# SUPPLIED INFORMATION
____________

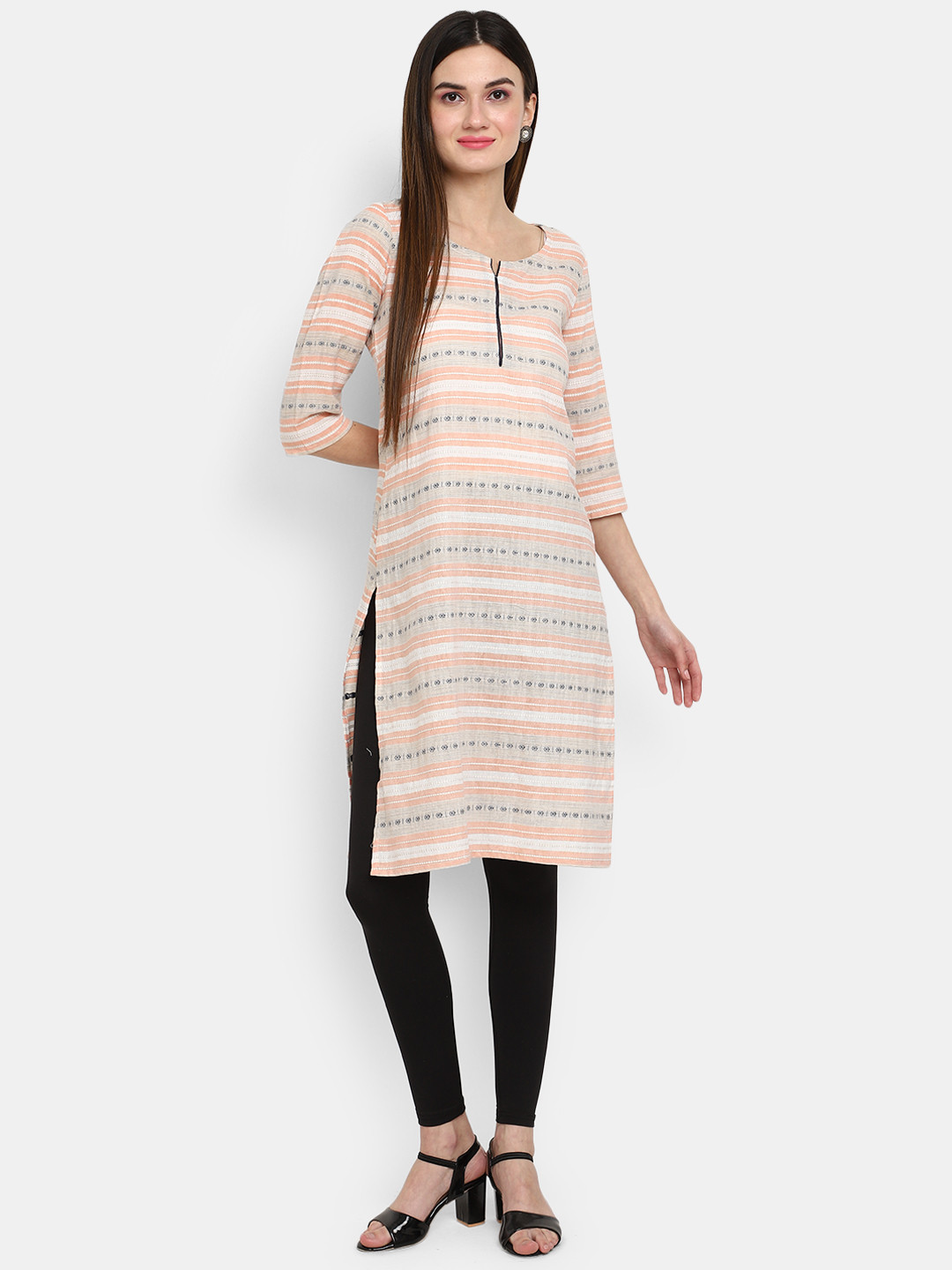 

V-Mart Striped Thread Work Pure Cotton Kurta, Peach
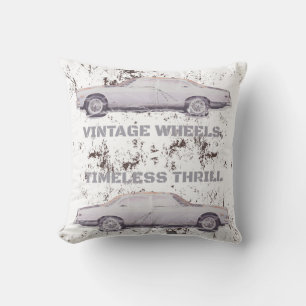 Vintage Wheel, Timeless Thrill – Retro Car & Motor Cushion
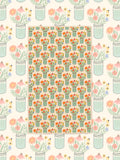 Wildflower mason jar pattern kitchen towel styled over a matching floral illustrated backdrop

____________

# WHAT THIS TASK INVOLVES
With the pictures set aside, return each line of the listing exactly as given.

# SOLUTION
V-Mart Striped Thread Work Pure Cotton Kurta, Peach
 Vintage Wheel, Timeless Thrill – Retro Car & Motor Cushion
 Wildflower mason jar pattern kitchen towel styled over a matching floral illustrated backdrop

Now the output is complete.